BEGIN Given material

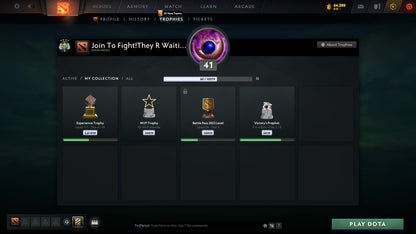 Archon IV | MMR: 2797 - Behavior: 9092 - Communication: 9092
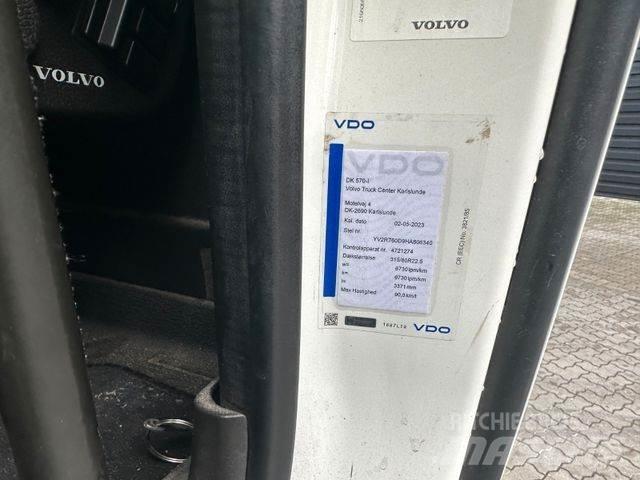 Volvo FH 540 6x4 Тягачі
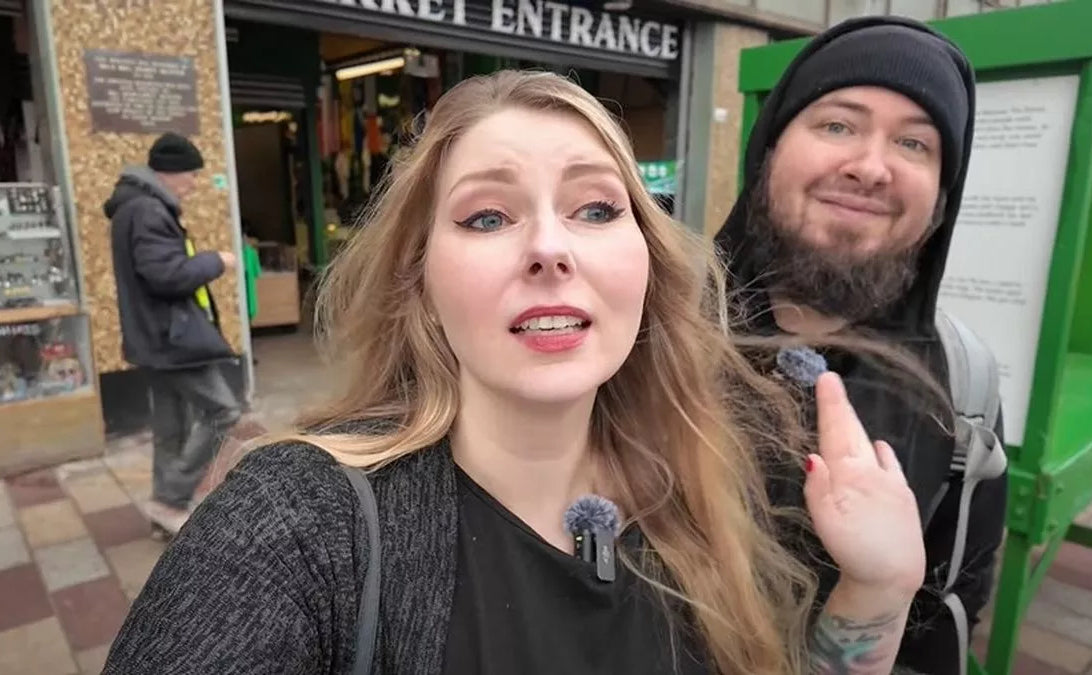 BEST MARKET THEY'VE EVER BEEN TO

END Given material

Apart from the pictures, the material above has to be repeated exactly.

 Archon IV | MMR: 2797 - Behavior: 9092 - Communication: 9092
 Volvo FH 540 6x4 Тягачі
 BEST MARKET THEY'VE EVER BEEN TO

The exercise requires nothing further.